» **What you should do**
Without including any images, repeat the data exactly.

» **Data segment**
-- -- --

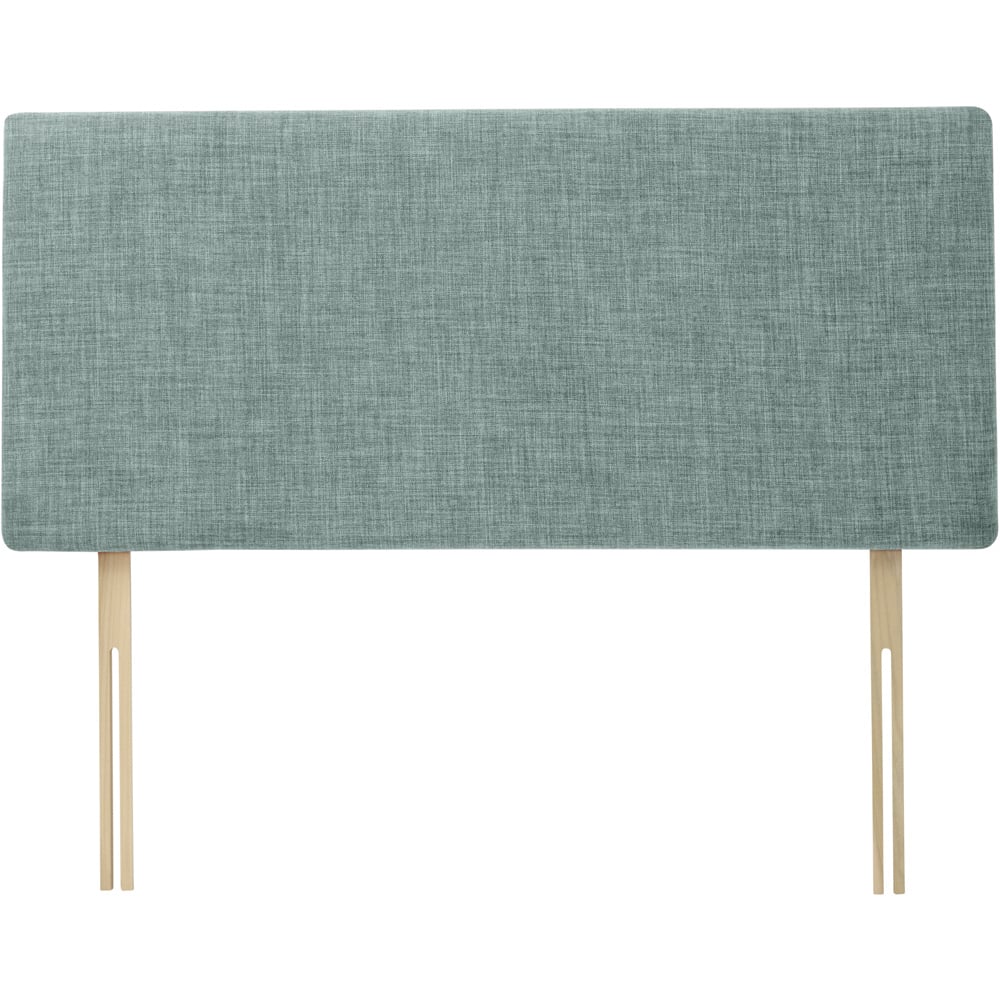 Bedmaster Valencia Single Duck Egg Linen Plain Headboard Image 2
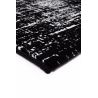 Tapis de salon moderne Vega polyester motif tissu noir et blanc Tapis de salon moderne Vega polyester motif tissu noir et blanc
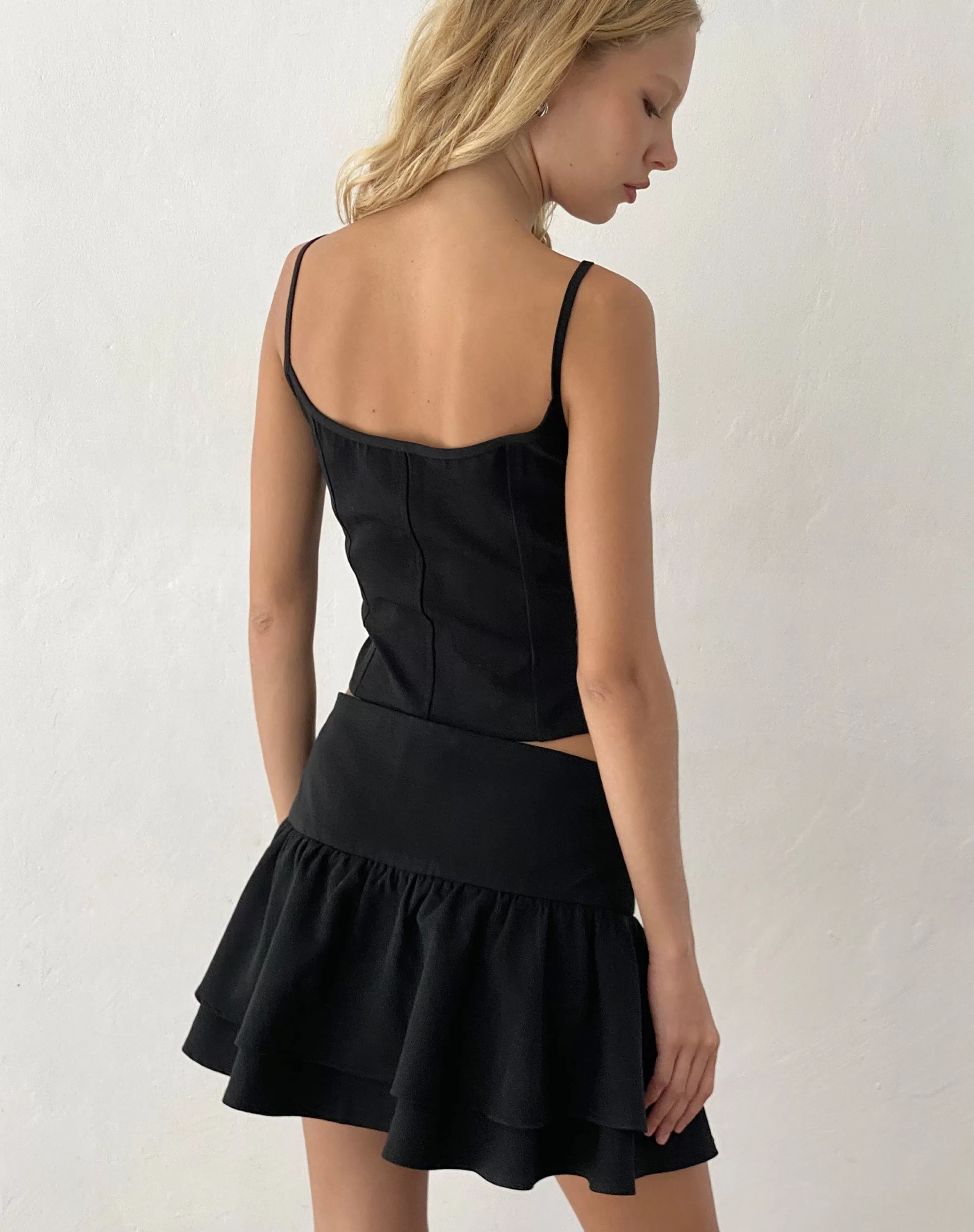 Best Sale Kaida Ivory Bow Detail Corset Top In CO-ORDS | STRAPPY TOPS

-- -- --

» **The answer**
 Bedmaster Valencia Single Duck Egg Linen Plain Headboard Image 2
 Tapis de salon moderne Vega polyester motif tissu noir et blanc Tapis de salon moderne Vega polyester motif tissu noir et blanc
 Best Sale Kaida Ivory Bow Detail Corset Top In CO-ORDS | STRAPPY TOPS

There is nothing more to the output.